Found in various locations in Scotland, Pictish stones have fascinated scholars for generations. Dating back to the 6th to 9th centuries, these large stone monuments are engraved with various symbols, the meanings of which continue to be debated today. Some of the earlier stones have Ogham inscriptions (Ogham being an early medieval Irish alphabet), while some later stones feature crosses attesting to the Christianization of the Picts, who are thought to have merged with the Gaels.

Dating back to the 7th and 8th centuries AD, the Pictish Symbol Stones in the small village of Aberlemno in the Scottish council area of Angus will be of interest to history enthusiasts.

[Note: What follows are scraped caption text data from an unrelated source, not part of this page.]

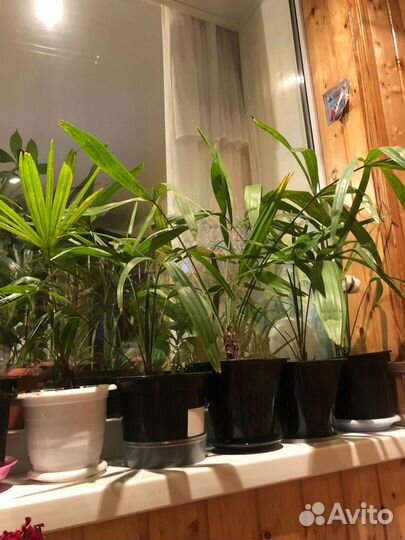 Пальма трахикарпус цветы растения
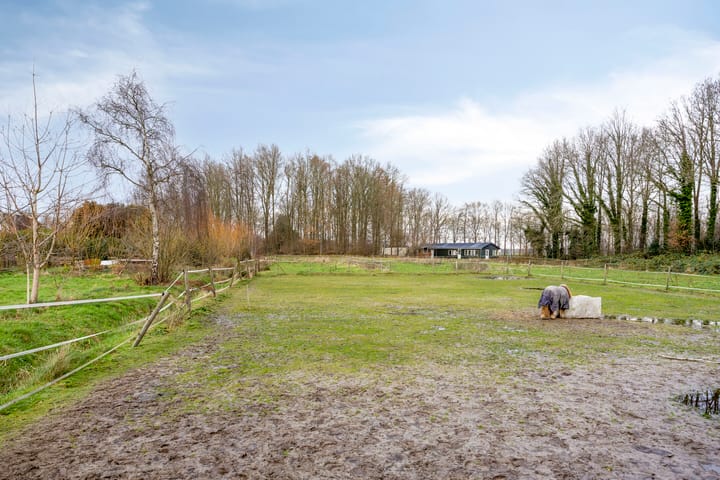 Foto 27 van Noorderstraat 4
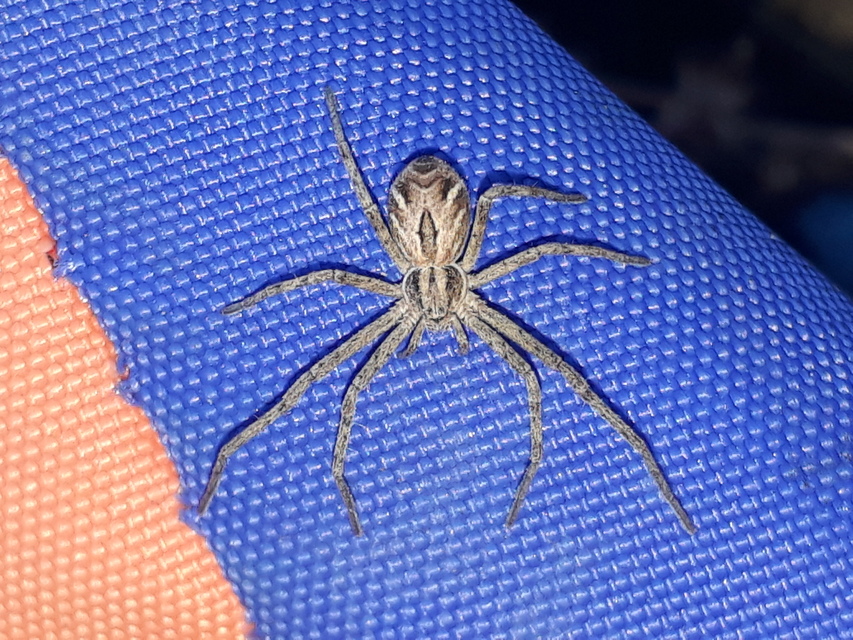 Rhysodromus histrio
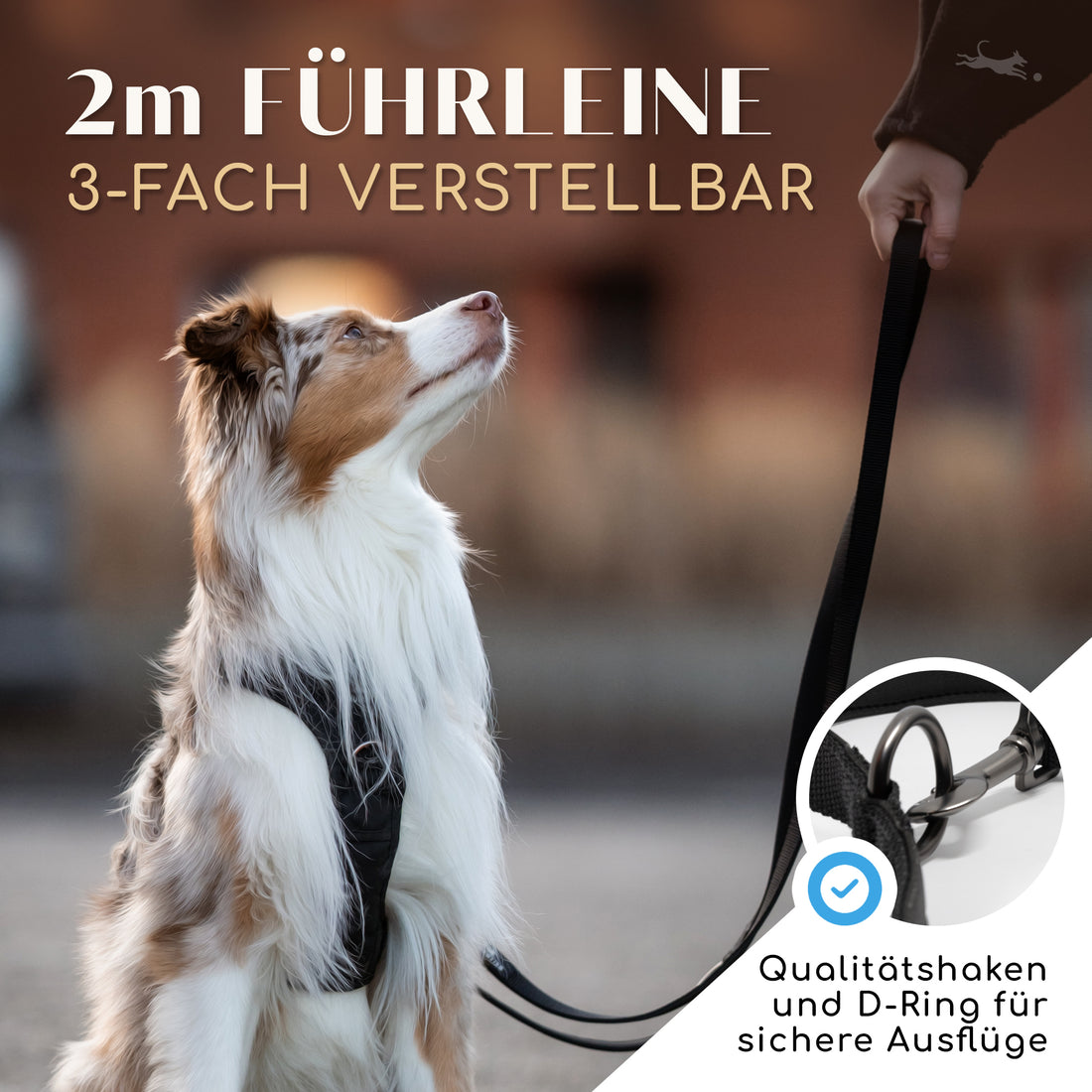 Hundeleine mit weicher Polsterung - Clyde Kollektion in Schwarz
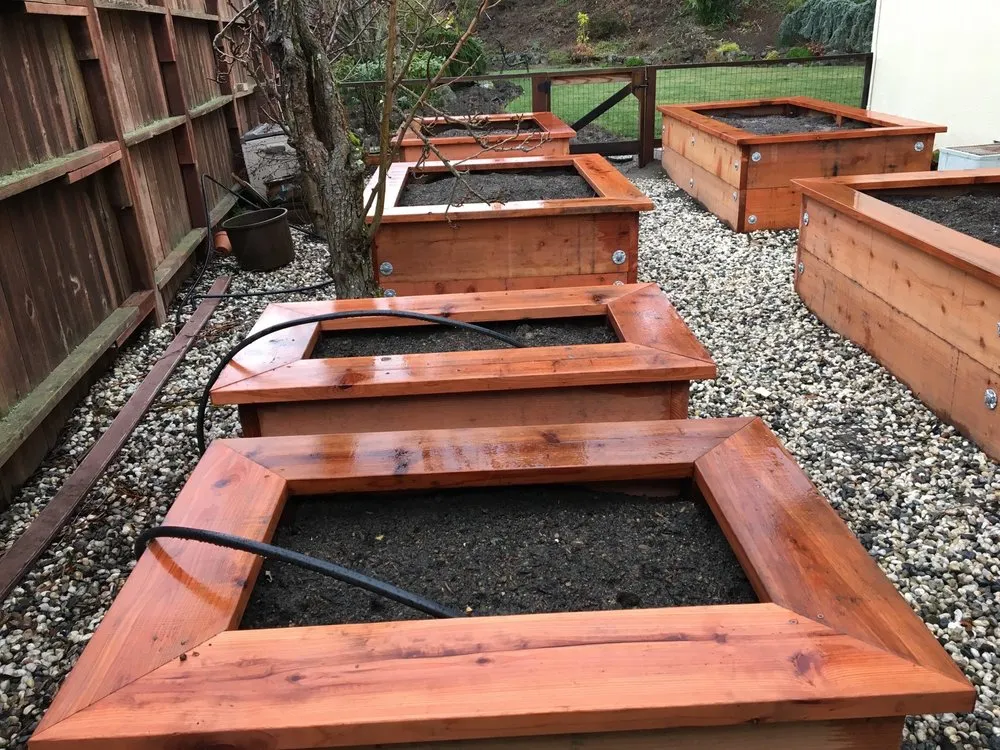 Top-rated residential landscaping in Concord, CA by Native Earth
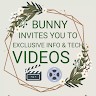 bunny tech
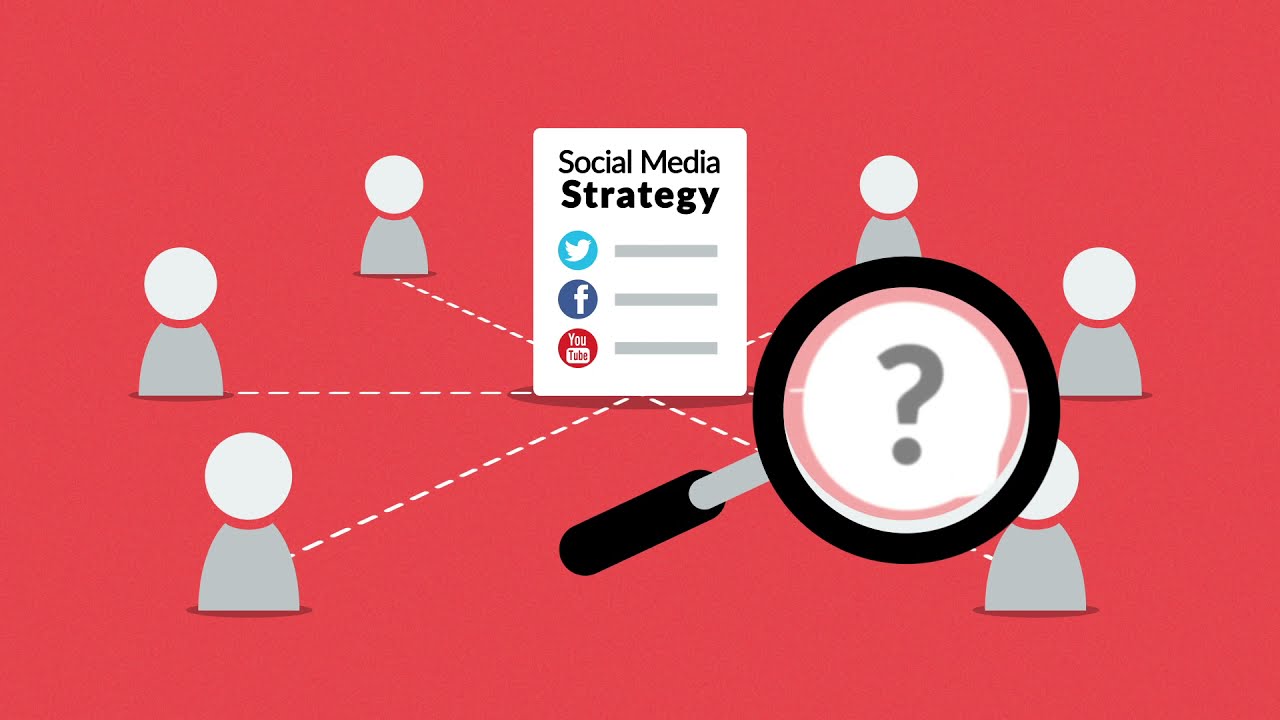 Tampa Web Design, eCommerce SEO & Digital Marketing Agency - Seacabo Media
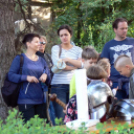 Múzeumok Éjszakája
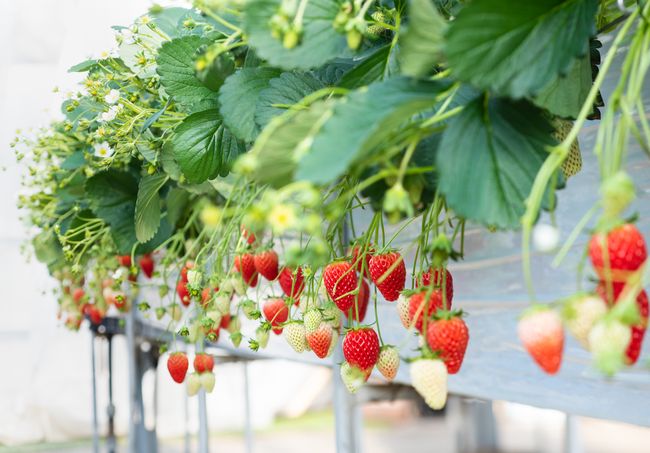 5 Jenis Tanaman  Buah Tahan Panas yang  Dapat  Ditanam di Pot 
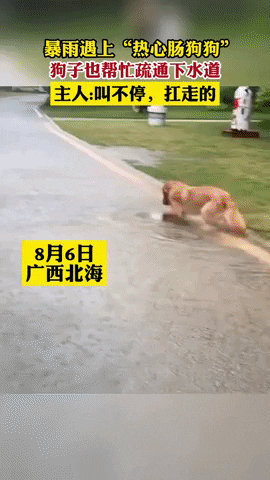 cuteanimalland giphyupload GIF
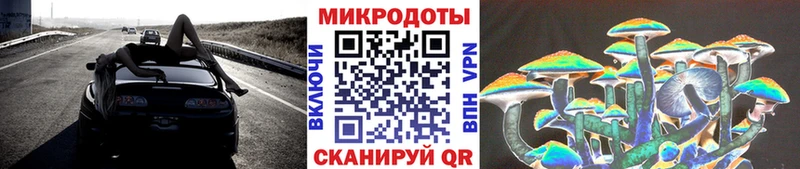 дарнет шоп  Зарайск  Псилоцибиновые грибы мицелий 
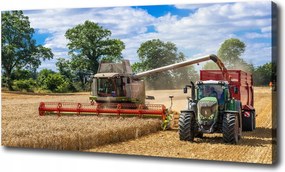 Vászonkép Kombájn és traktor 100x70 cm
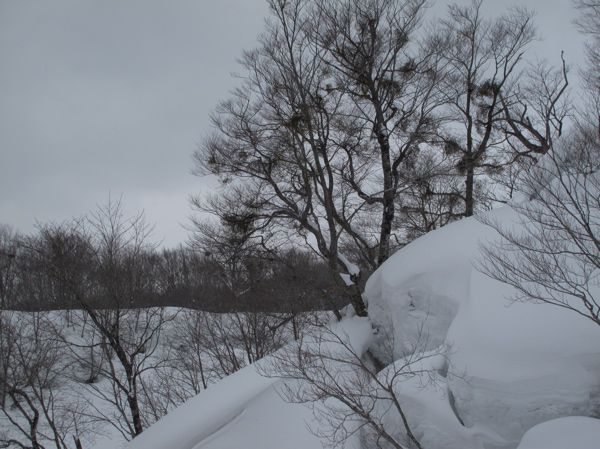 溶岩の末端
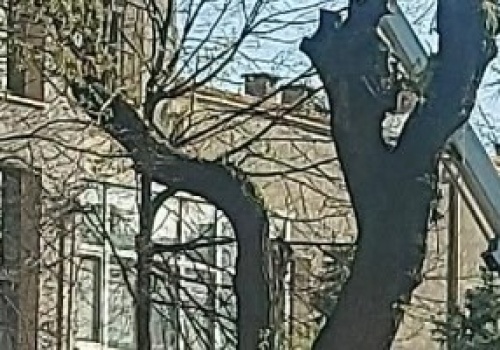 Wycięte drzewa przy I LO w Koninie. Emocje nie opadają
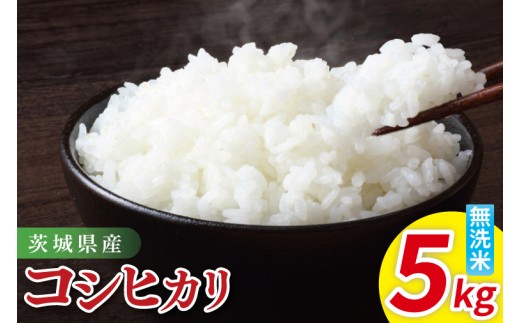 令和7年産 茨城県産コシヒカリ　無洗米　5kg｜ お米 米 ごはん 阿見町 茨城県 茨城県産 茨城県産米（85-14）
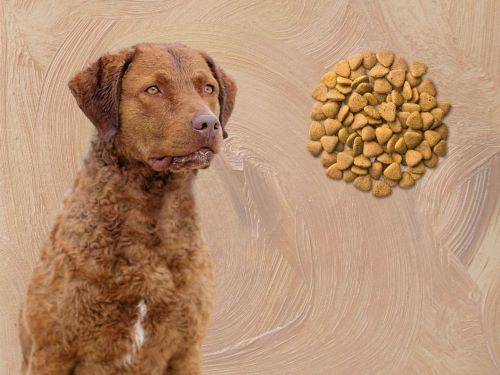 Best Dog Food For Chesapeake Bay Retrievers chapter 3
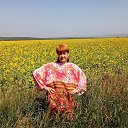 ���� �������, �������, 45 ��� - ��������� 3 ������� 2018 � ������ ���� ����������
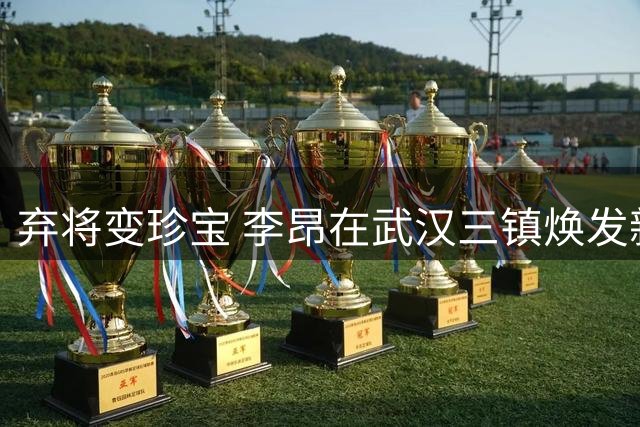 弃将变珍宝 李昂在武汉三镇焕发新生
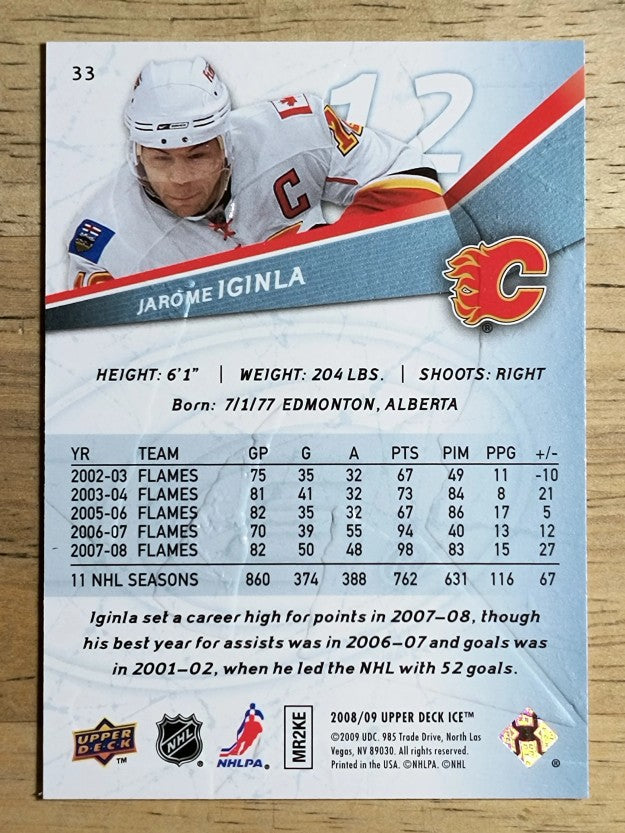2008-09 Upper Deck Ice #33 Jarome Iginla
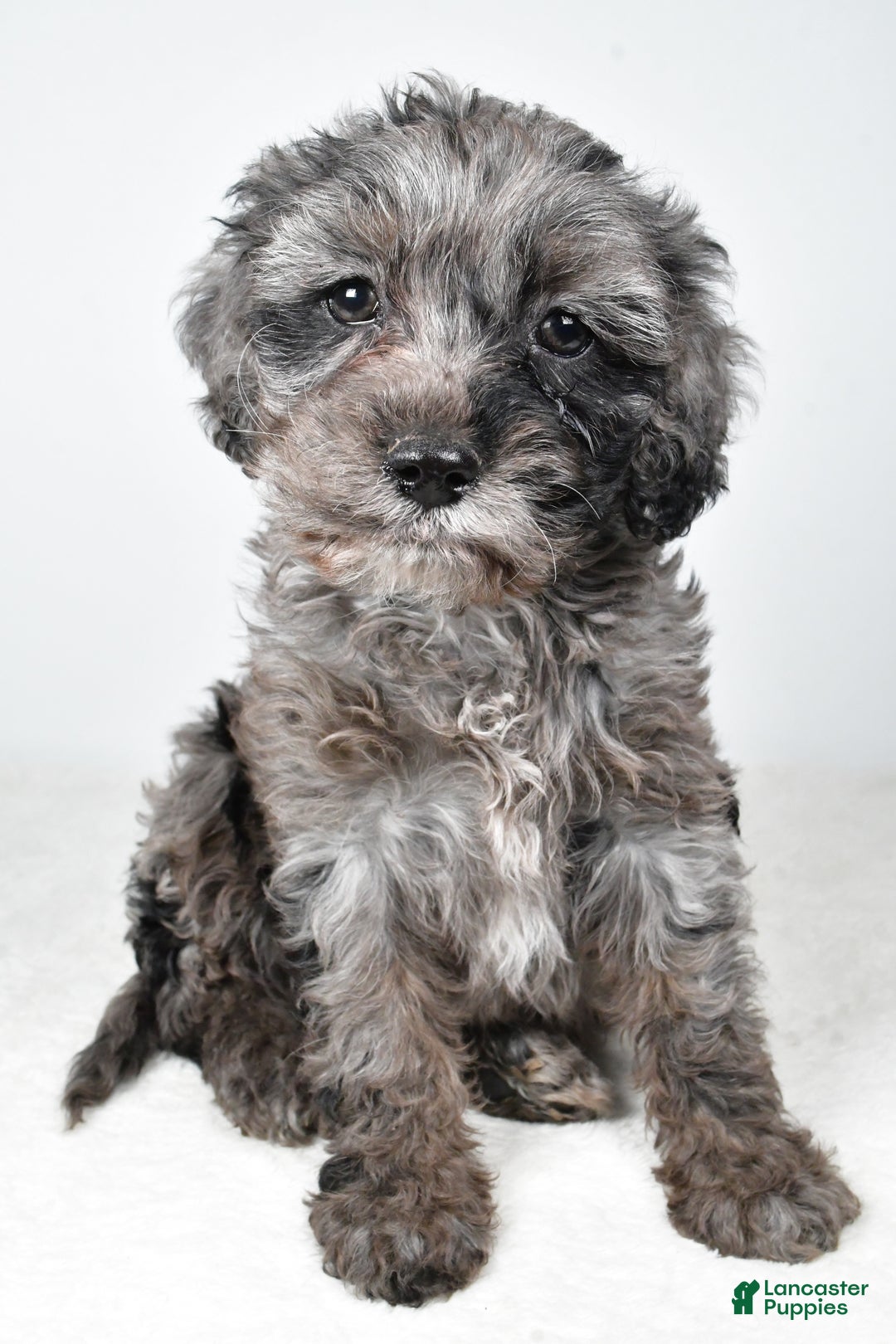 Cockapoo dogs for sale: Kelly - Ad 4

Six stones were discovered in and around the village and visitors can view three of these in their original locations, and a fourth in the grounds of Aberlemno Kirk among the gravestones of locals buried there. Identified as ‘Aberlemno 2’, the Pictish stone is a cross slab measuring almost 2m high by 0.3m thick and 1.3m wide. The description ‘cross slab’ is a reference to the ornately patterned cross carved on it. The cross stands out, with the background of the stone carved with serpents, sea horses and other dragon-like beasts intertwined. On the back of the stone is a battle scene, with warriors on foot and others on horseback. It is generally agreed that this is a depiction of the Battle of Dunnichen which took place between invaders from Northumbria and Pictish defenders in May 685 north of Aberlemno – a battle which the Picts won.

The three roadside stones stand separate from each other and can only be viewed from April to September, as they are otherwise covered in wooden boxes to protect from the winter elements. Referred to as ‘Aberlemno 3’, the largest of the stones stands at a height of 2.8m and is also a cross slab. The back of this particular slab has been divided into three sections, with the top featuring Pictish symbols, the next section down depicting a hunting scene, and the lower section featuring what is thought to be Biblical scenes. Aberlemno 1 is the oldest of the stones and features a series of Pictish symbols, while the central stone either had no marking carved on it, or they have been erased by the elements.

Certainly, Aberlemno’s Pictish Stones are interesting attractions to view when visiting this charming region of Scotland.